The behavior engine maps state to 5 output cues: hover_distance, drift_amplitude, glow_intensity, eye_dilation, smile_curvature. The mapping is deterministic and stateless — the same state always produces the same cues.
The render engine translates cues into a RenderSpec: droplet geometry, glass material properties (transmission, IOR, iridescence), breathing frequency, gravity sag, Brownian drift amplitude, and interior glow intensity. The platform renderer consumes the spec and draws the creature at 60 FPS. The creature's visual state is a pure function of the state vector — no hidden state, no animation timelines, no imperative overrides.
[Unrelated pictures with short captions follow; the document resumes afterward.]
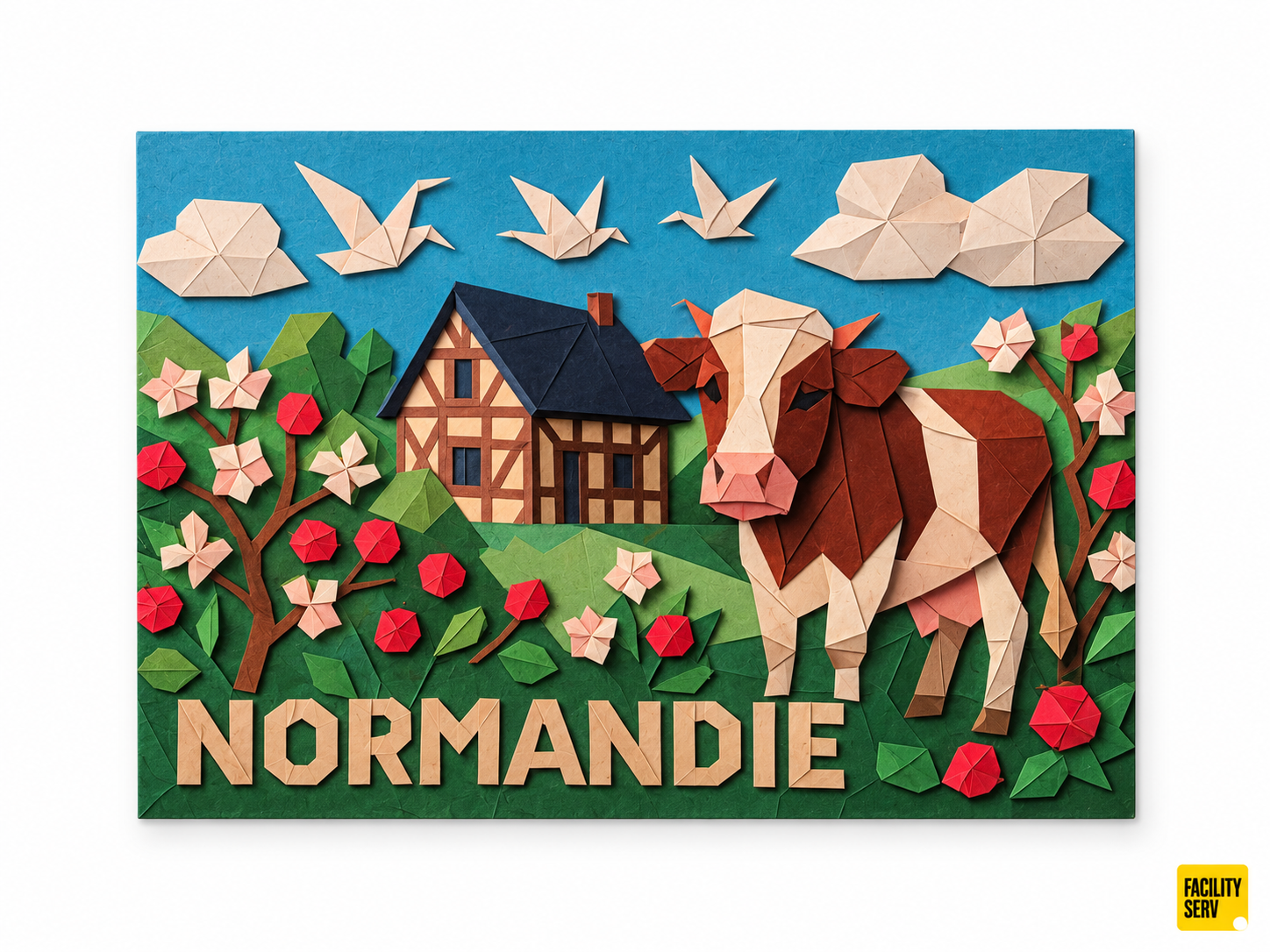 Collection de cartes postales « La Normandie » — Collection Origami — Vache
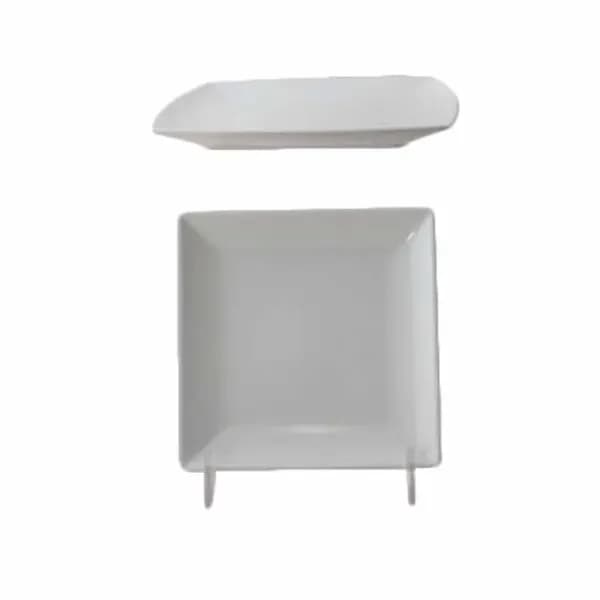 Thunder Group 29004WT Classic White 4-1/2" x 4-1/2" Square Melamine Plate | Case of 12 — main image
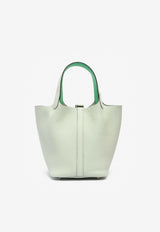 Hermès Picotin 18 Eclat in Gris Neve and Vert Comics Clemence Leather with Palladium Hardware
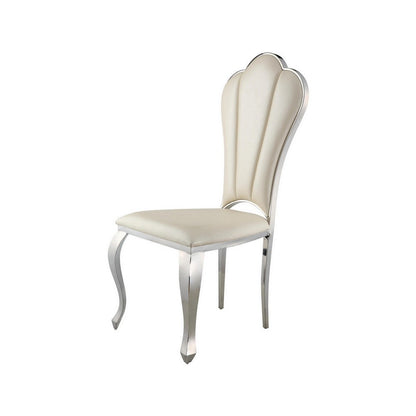 Benjara Kuri 23 Inch Dining Chair, Scalloped Back, Vegan Leather, Set of 2, Beige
Synchronization invariants
Every architectural drift this codebase has suffered has the same shape: the canonical source of truth was invisible or ambiguous, so sibling copies emerged and drifted independently. Fourteen drift defenses run in CI today — check-deps, check-spec-coverage, check-suite-declared, check-suite-dispatch, check-dist-smoke, check-docs-tree, and others. When a new drift pattern is observed, the response is systematized: (1) name it, (2) identify the canonical source, (3) name sync owner and trigger, (4) add a defense (CI check, lint rule, doctrine), (5) cross-reference it from affected code.
This page is one such sibling. The directory tree mirrors the filesystem; the layer tags mirror scripts/check-deps.ts; the apps and services tables mirror their directories. check-docs-tree enforces all of it — if you change the source, the probe will tell you to change this page in the same PR.